DATA FOR THE TASK:
•••

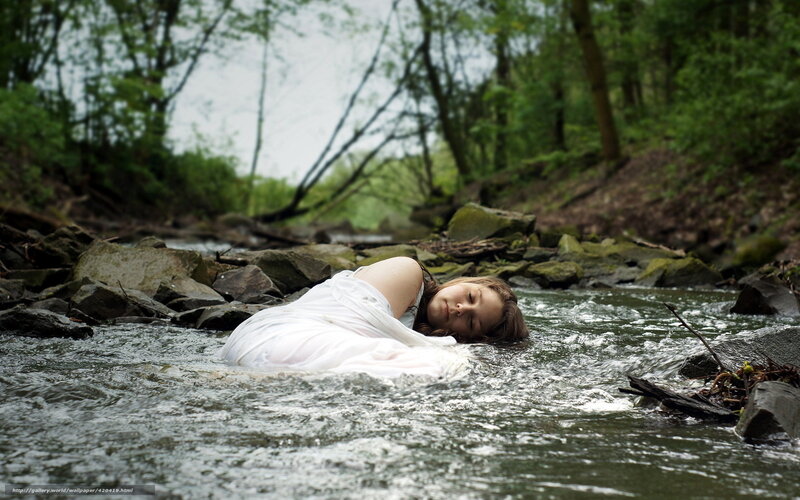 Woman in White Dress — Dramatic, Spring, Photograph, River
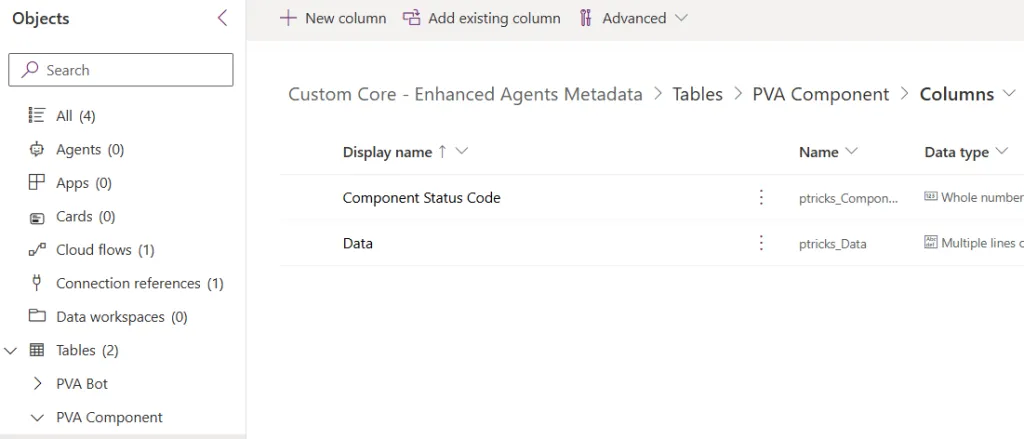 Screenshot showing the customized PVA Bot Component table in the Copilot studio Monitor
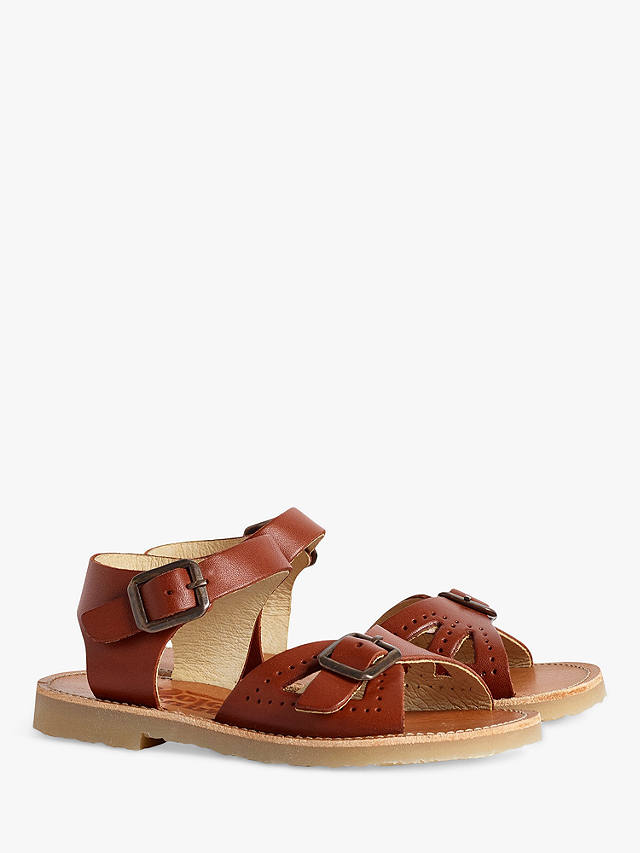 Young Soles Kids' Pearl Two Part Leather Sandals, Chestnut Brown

•••

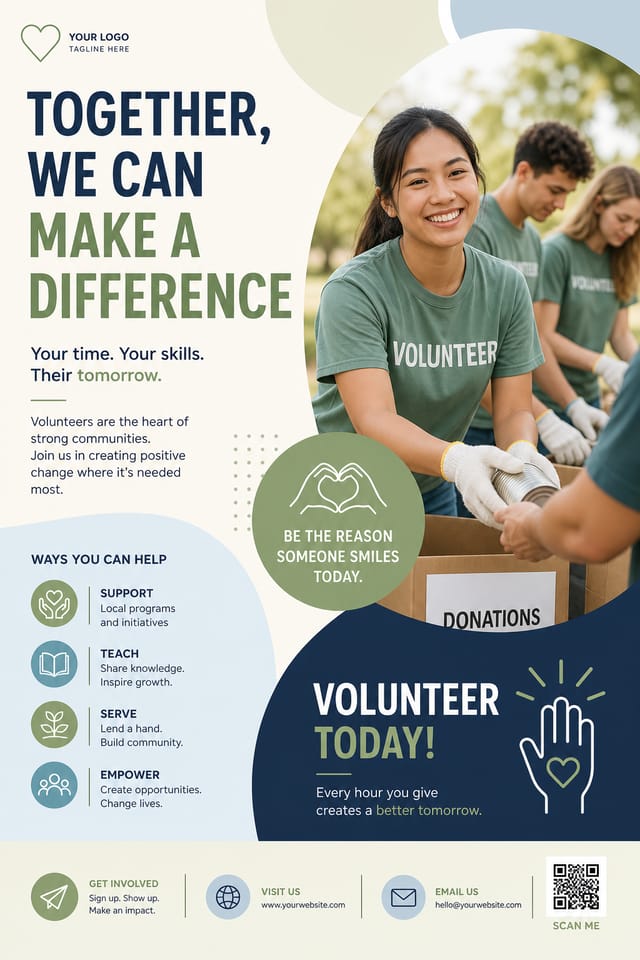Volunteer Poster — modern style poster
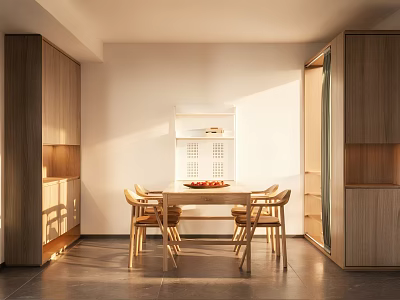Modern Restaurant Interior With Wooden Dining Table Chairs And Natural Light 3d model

•••

WHAT TO WORK ON:
What is needed is an exact copy of only the lines above from the one with "Screenshot showing the" to the one with "Young Soles Kids'", both kept, with every picture left out.

WRITTEN REPLY:
 Screenshot showing the customized PVA Bot Component table in the Copilot studio Monitor
 Young Soles Kids' Pearl Two Part Leather Sandals, Chestnut Brown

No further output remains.